▶ Records for the exercise:
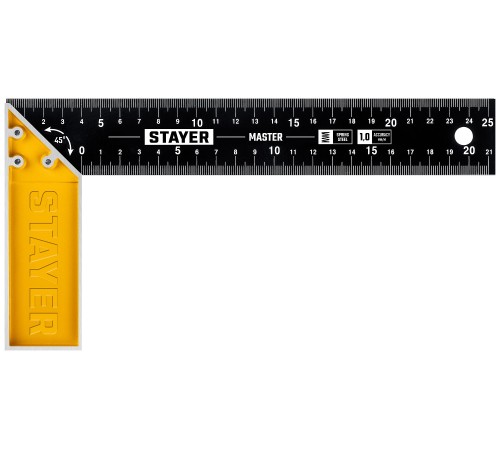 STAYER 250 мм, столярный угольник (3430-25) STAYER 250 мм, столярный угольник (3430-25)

* * *

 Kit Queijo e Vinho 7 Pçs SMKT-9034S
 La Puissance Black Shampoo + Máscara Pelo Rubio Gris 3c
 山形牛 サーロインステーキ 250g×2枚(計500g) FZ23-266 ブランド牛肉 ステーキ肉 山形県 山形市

▶ What the task asks: Each line in the listing above from the one containing "La Puissance Black" through the one containing "山形牛 サーロインステーキ 250g×2枚(計500g)" should be repeated exactly, and no other line.

▶ Task response:
 La Puissance Black Shampoo + Máscara Pelo Rubio Gris 3c
 山形牛 サーロインステーキ 250g×2枚(計500g) FZ23-266 ブランド牛肉 ステーキ肉 山形県 山形市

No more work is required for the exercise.